So there is this idea that somehow if you go to Japan, you will be bestowed with secret knowledge and somehow be transformed into a martial arts master of mythic proportions. The same I guess can be said about going to the Shaolin temple or Wudan mountain. Sadly this is not the case.
The reason that there are really great martial artists in these places is that they take it on as a life mission, and LIVE THERE. Martial arts devotees (shugyosha) in Japan train every single day. But here’s the rub, there are also a bunch of lazy, half-assed martial artists out there too. They watch the same shows as we do and get all hyped up just like we do and go try to learn martial arts just like we do. Sadly, they get taken in by less than reputable “masters” just like we do too. There’s nothing that guarantees that the training that you get in Tokyo is any better than you can get in Ohio or New Jersey. In fact, many of the martial arts destinations have become so monetized and watered down that the training you get is absolute crap, but you pay thousands to go and say that you “trained in Japan”.
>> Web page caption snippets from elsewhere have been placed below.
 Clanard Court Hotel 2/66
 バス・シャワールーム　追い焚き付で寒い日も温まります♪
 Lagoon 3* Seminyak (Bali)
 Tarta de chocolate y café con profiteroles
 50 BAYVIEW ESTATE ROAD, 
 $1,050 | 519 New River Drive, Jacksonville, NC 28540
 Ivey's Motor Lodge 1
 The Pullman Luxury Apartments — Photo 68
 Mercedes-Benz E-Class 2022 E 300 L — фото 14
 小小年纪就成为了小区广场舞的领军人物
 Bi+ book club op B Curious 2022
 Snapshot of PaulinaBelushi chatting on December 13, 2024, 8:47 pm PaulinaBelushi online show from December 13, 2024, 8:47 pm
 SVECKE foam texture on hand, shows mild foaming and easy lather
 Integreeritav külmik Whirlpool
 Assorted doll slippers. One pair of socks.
Is it cool to learn stuff from someone who’s ancestor invented it? Sure. Would it be neat to sit in the same dojo that people have been training in for 600 years? Absolutely. Does that have anything to do with how good of a martial artist you are? Nope.
For the price of a weekend trip to train in Japan, I could get weekly private lessons from a talented and experienced instructor for a year. Which one sounds more impressive at a cocktail party? Japan. Which one is going to give me a huge boost in my training? Working my butt off in the suburbs.
So if anyone needs me, I’ll be in my small, anonymous warehouse space doing the same things that people in small anonymous spaces all over the world are doing to make themselves more capable, adept martial artists and leave the name-dropping, and hype-spreading to the rumormongers.